Supplied records ▸
Segment Open

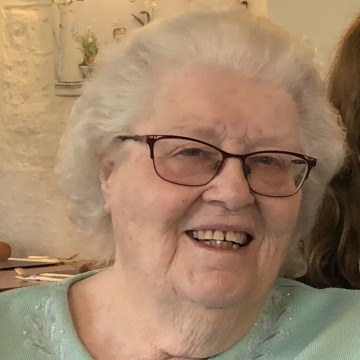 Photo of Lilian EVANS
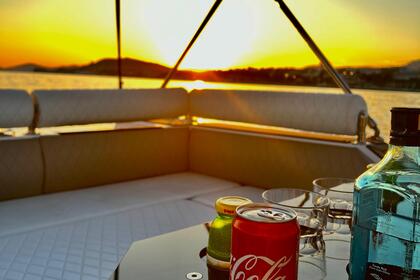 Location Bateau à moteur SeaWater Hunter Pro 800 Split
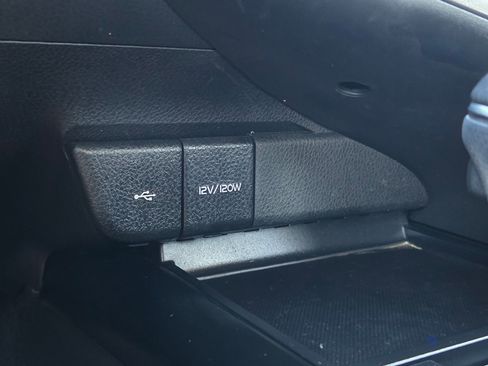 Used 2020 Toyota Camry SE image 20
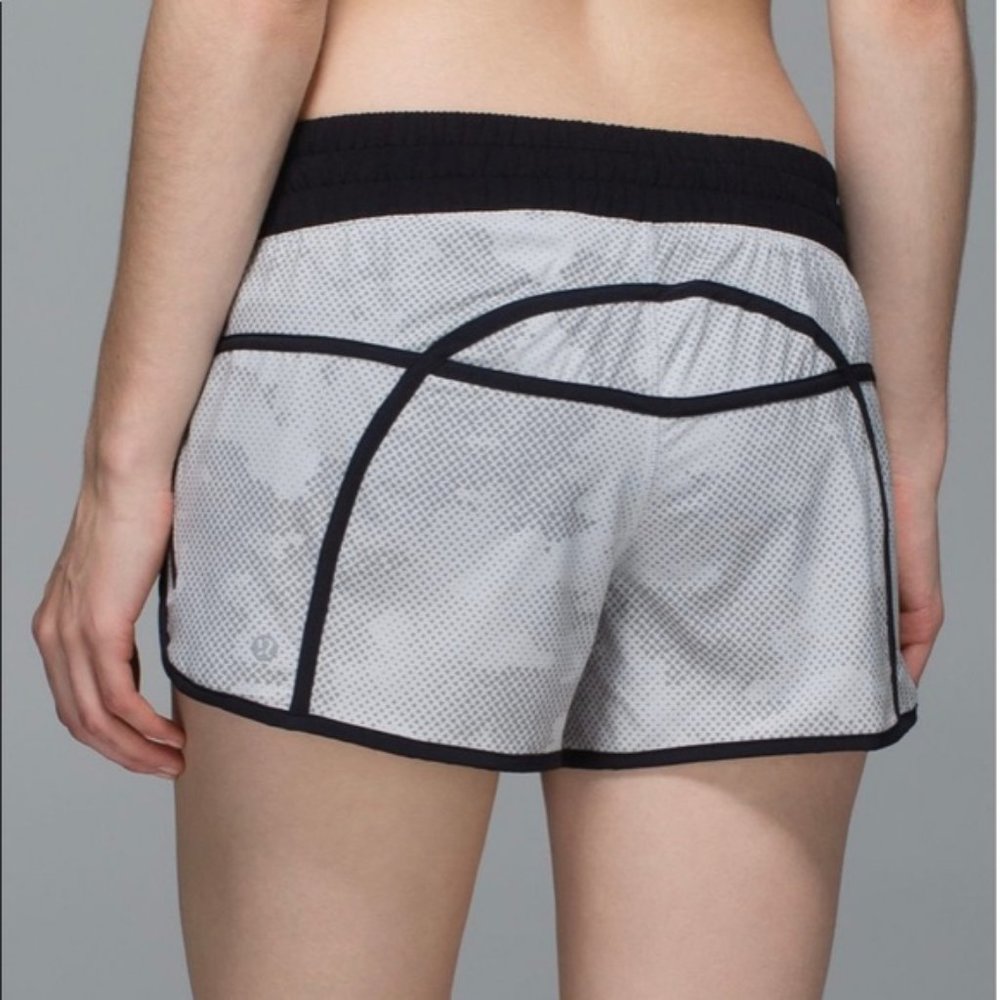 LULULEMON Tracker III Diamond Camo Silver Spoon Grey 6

Segment Closed
Segment Open

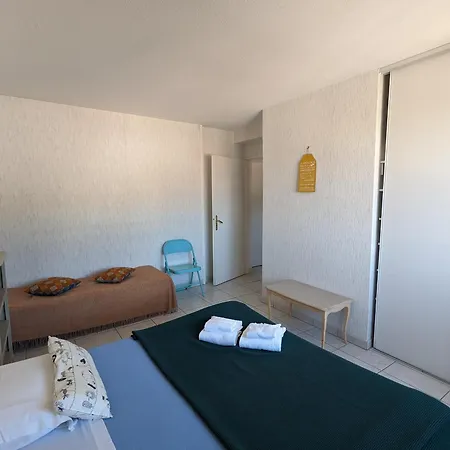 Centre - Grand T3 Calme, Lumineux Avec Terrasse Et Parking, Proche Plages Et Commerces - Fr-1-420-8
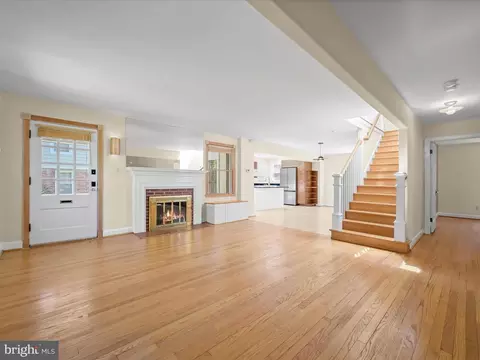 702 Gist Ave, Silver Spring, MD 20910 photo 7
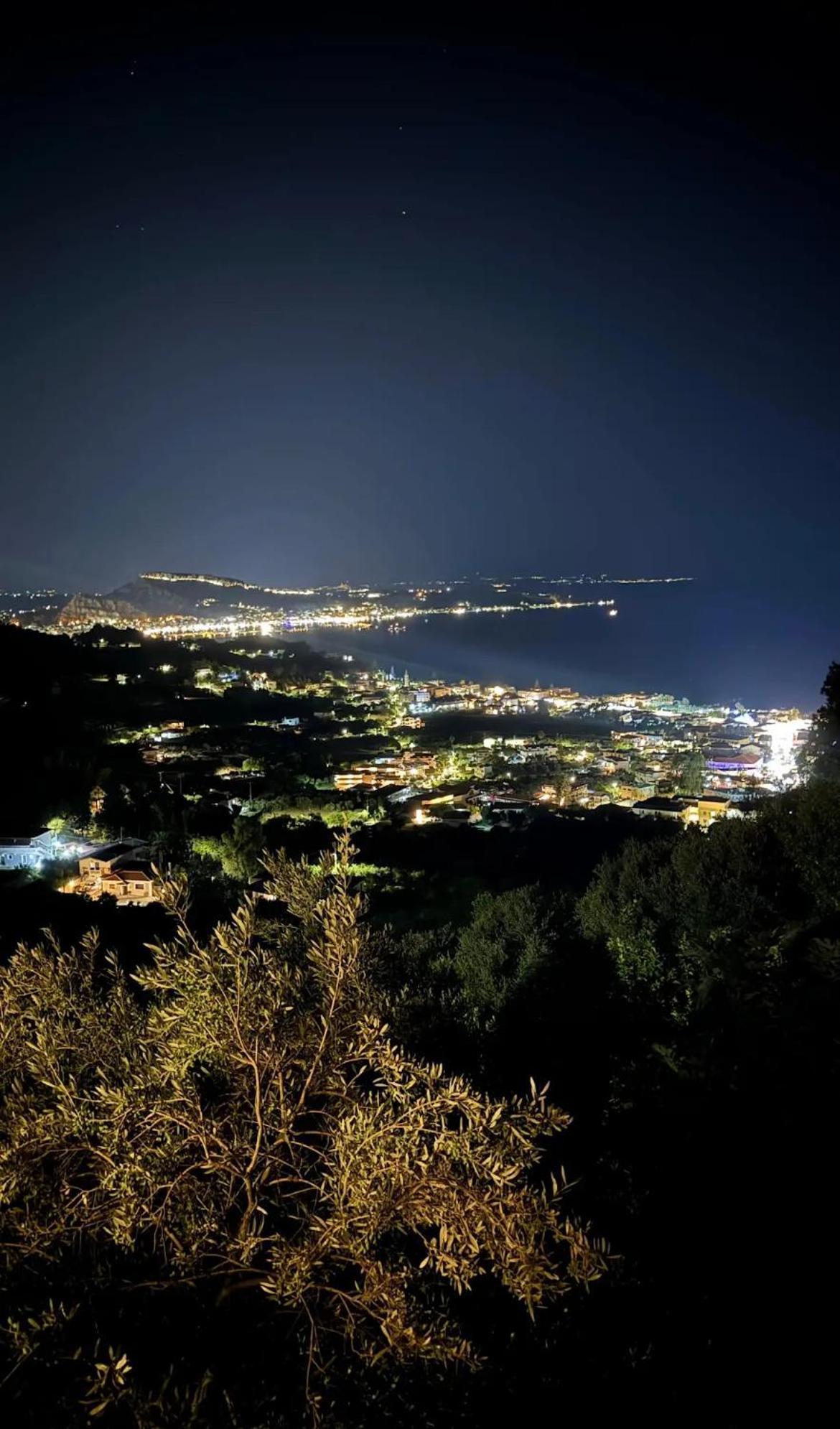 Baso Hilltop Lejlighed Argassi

Segment Closed

Print nothing but the lines above starting with the line that contains "Photo of Lilian EVANS" and going on through the line that contains "LULULEMON Tracker III". Leave out the pictures.

 Photo of Lilian EVANS
 Location Bateau à moteur SeaWater Hunter Pro 800 Split
 Used 2020 Toyota Camry SE image 20
 LULULEMON Tracker III Diamond Camo Silver Spoon Grey 6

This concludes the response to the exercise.